## DATA BELOW
^^^^^^^^

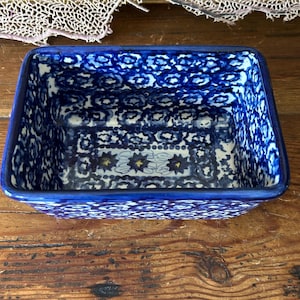 May include: A rectangular ceramic baking dish featuring a deep blue and white floral pattern. The interior and exterior are decorated with repeating circular motifs and small star-like shapes in the center, finished with a solid blue rim.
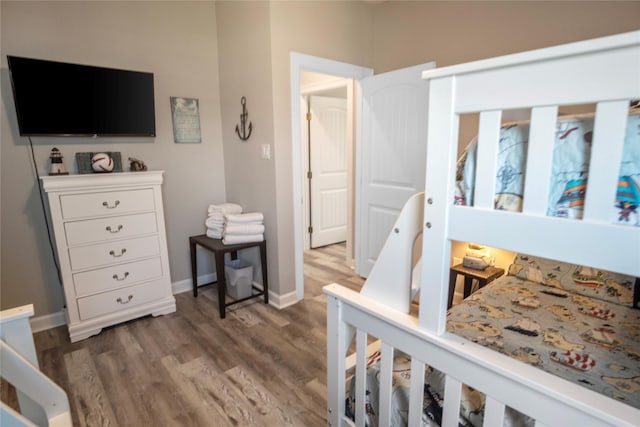 975 S S Cv, Crystal Beach, TX 77650 - bedroom with wood finished floors and baseboards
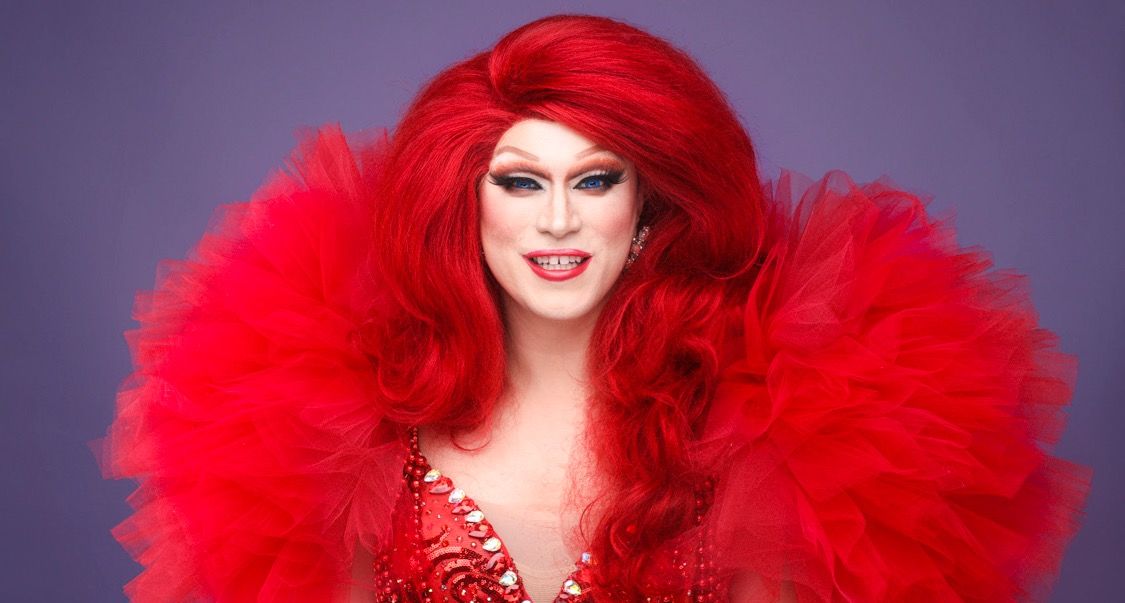 Vörös parókás drag előadó dús, vörös tüllgallérral, lila háttér előtt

^^^^^^^^

When you retype the listing, keep every line exactly as it is and drop the pictures.

## WRITTEN ANSWER
 May include: A rectangular ceramic baking dish featuring a deep blue and white floral pattern. The interior and exterior are decorated with repeating circular motifs and small star-like shapes in the center, finished with a solid blue rim.
 975 S S Cv, Crystal Beach, TX 77650 - bedroom with wood finished floors and baseboards
 Vörös parókás drag előadó dús, vörös tüllgallérral, lila háttér előtt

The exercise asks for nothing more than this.